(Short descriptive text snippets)
--- --- ---

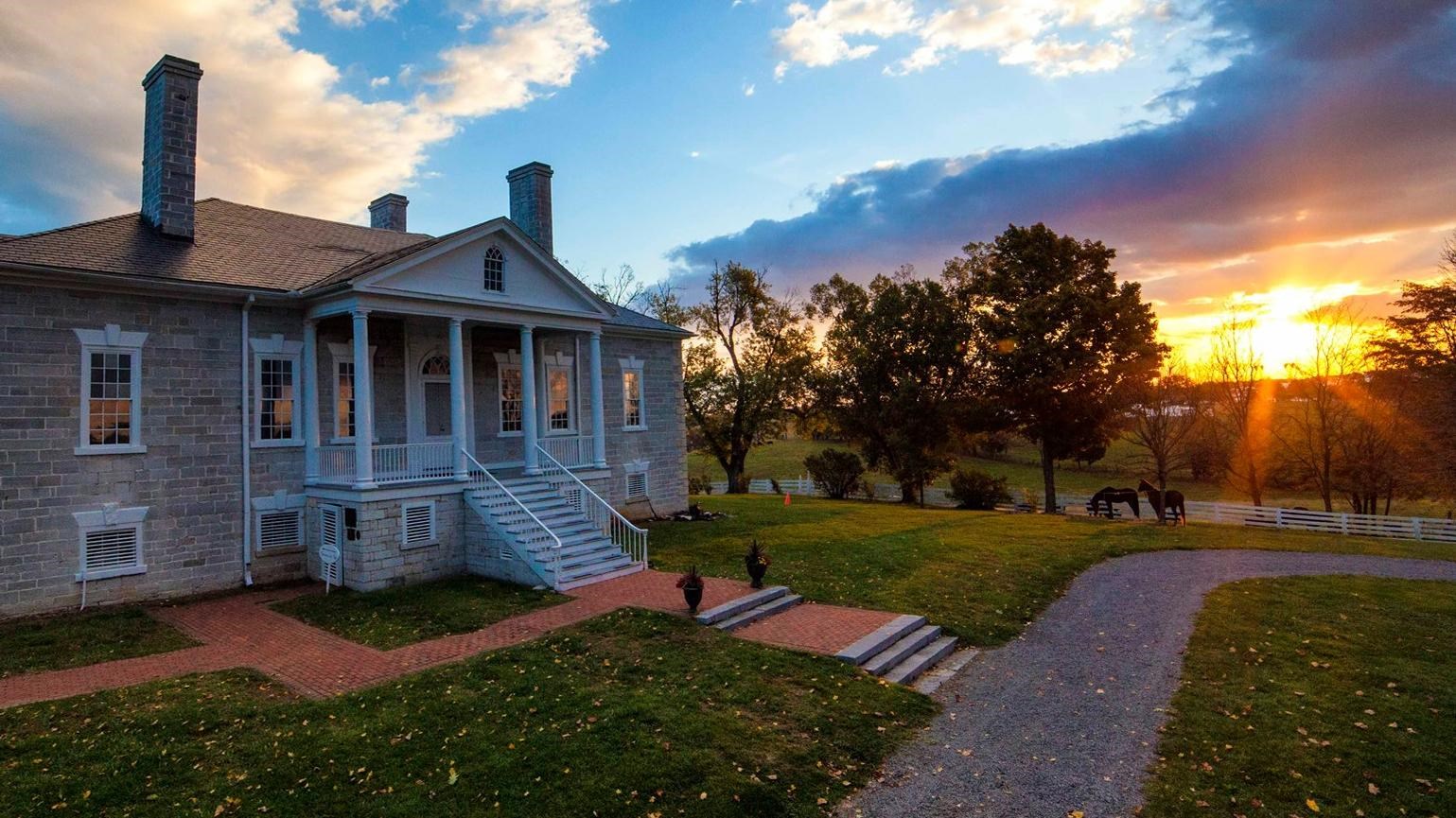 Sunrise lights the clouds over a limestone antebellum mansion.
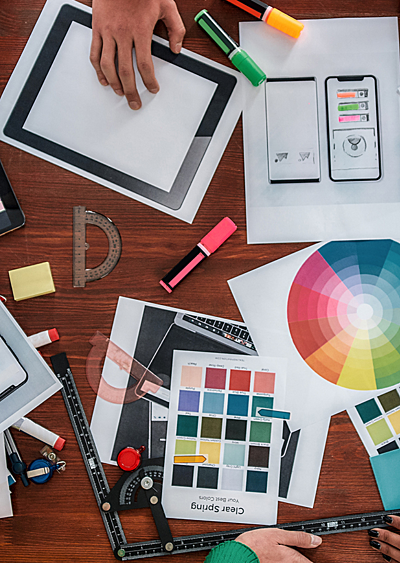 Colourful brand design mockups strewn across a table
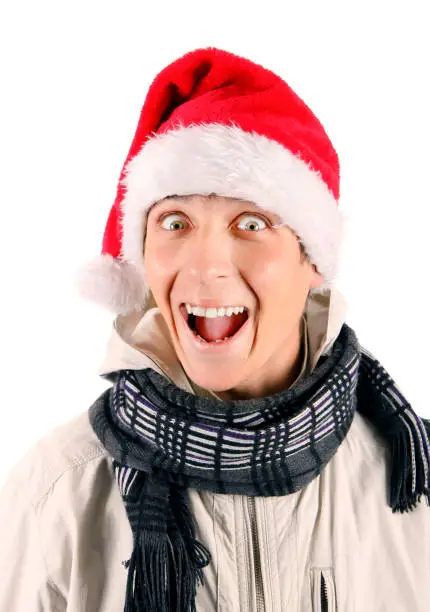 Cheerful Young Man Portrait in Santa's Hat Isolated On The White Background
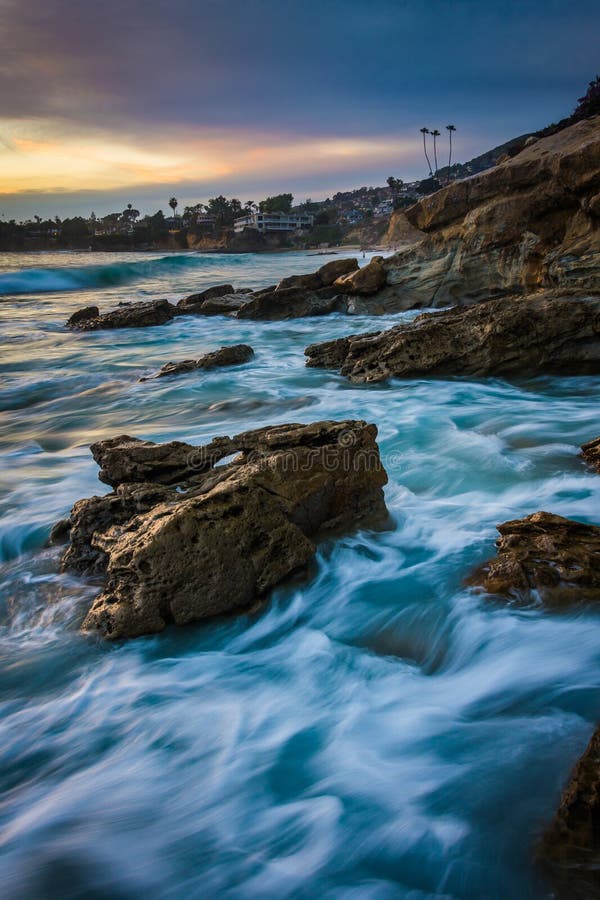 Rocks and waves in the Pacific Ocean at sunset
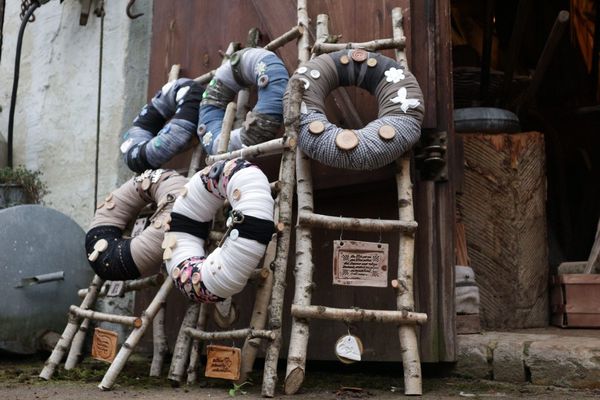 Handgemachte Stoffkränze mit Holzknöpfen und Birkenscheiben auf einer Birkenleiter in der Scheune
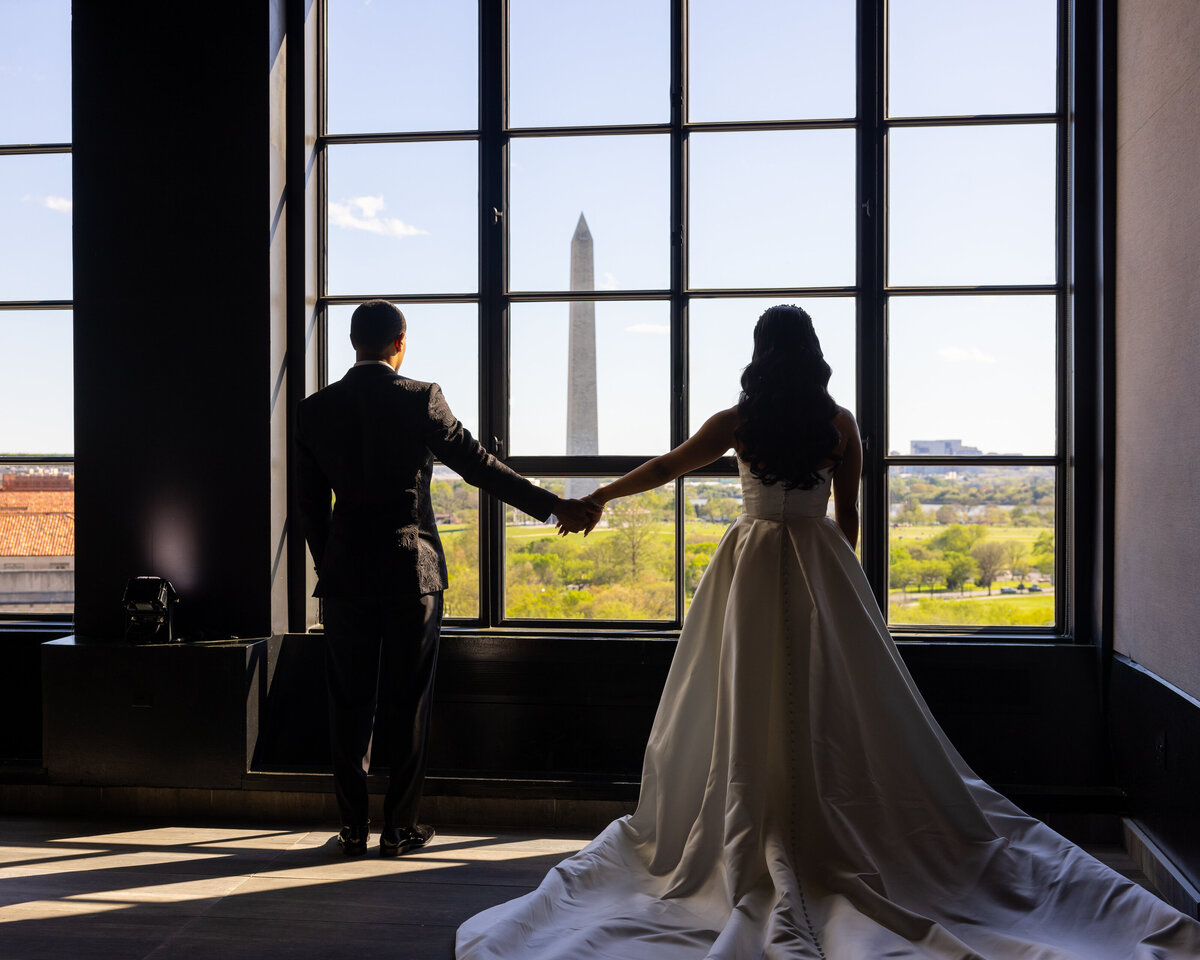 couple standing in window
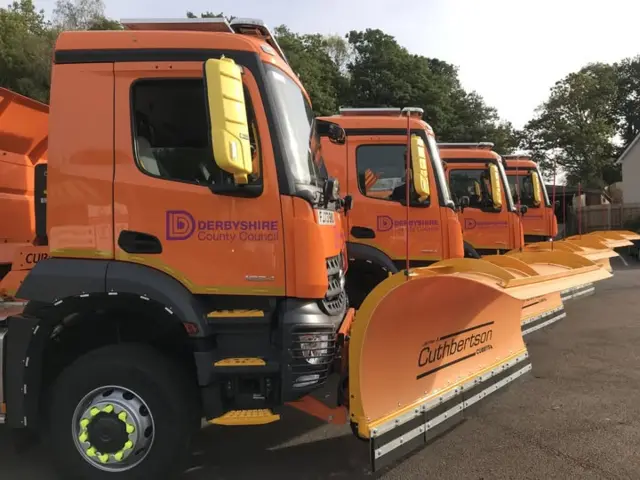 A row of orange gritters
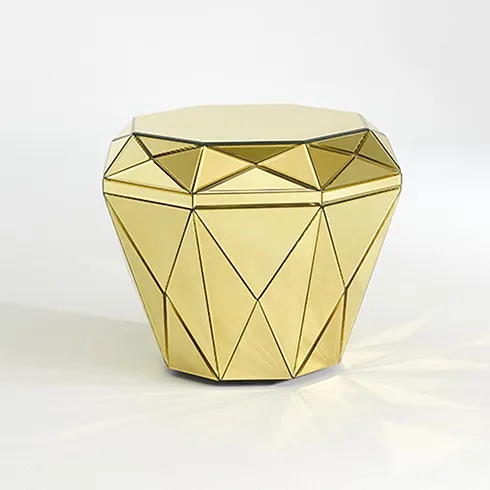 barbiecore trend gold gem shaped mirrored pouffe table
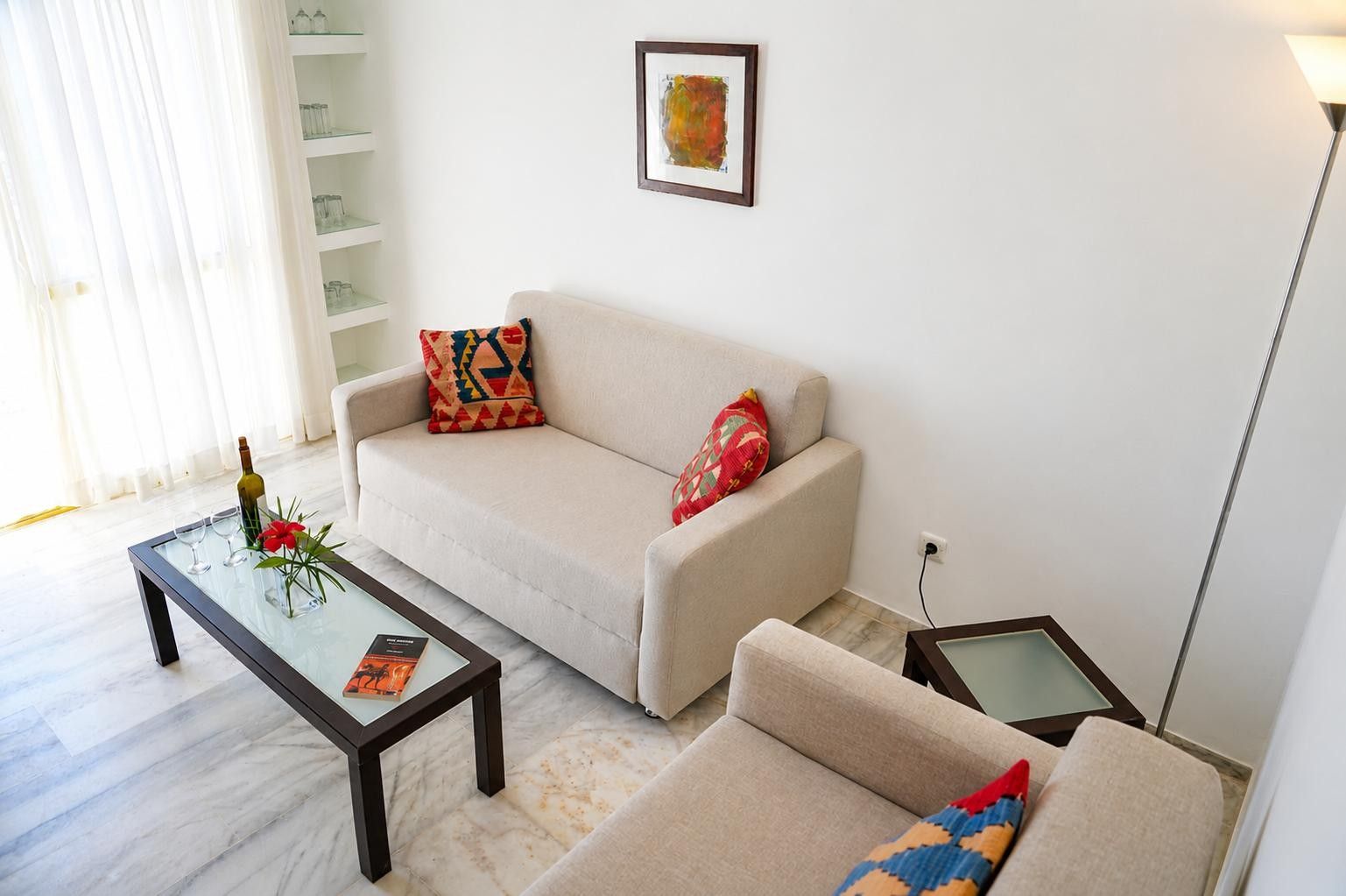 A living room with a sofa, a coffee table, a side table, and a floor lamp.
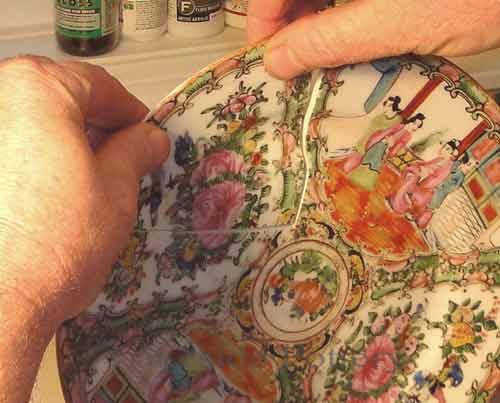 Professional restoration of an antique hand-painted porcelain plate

--- --- ---

* _What you have to do_: Omit the pictures, then output every record exactly as given.

* _Exercise solution_:
 Sunrise lights the clouds over a limestone antebellum mansion.
 Colourful brand design mockups strewn across a table
 Cheerful Young Man Portrait in Santa's Hat Isolated On The White Background
 Rocks and waves in the Pacific Ocean at sunset
 Handgemachte Stoffkränze mit Holzknöpfen und Birkenscheiben auf einer Birkenleiter in der Scheune
 couple standing in window
 A row of orange gritters
 barbiecore trend gold gem shaped mirrored pouffe table
 A living room with a sofa, a coffee table, a side table, and a floor lamp.
 Professional restoration of an antique hand-painted porcelain plate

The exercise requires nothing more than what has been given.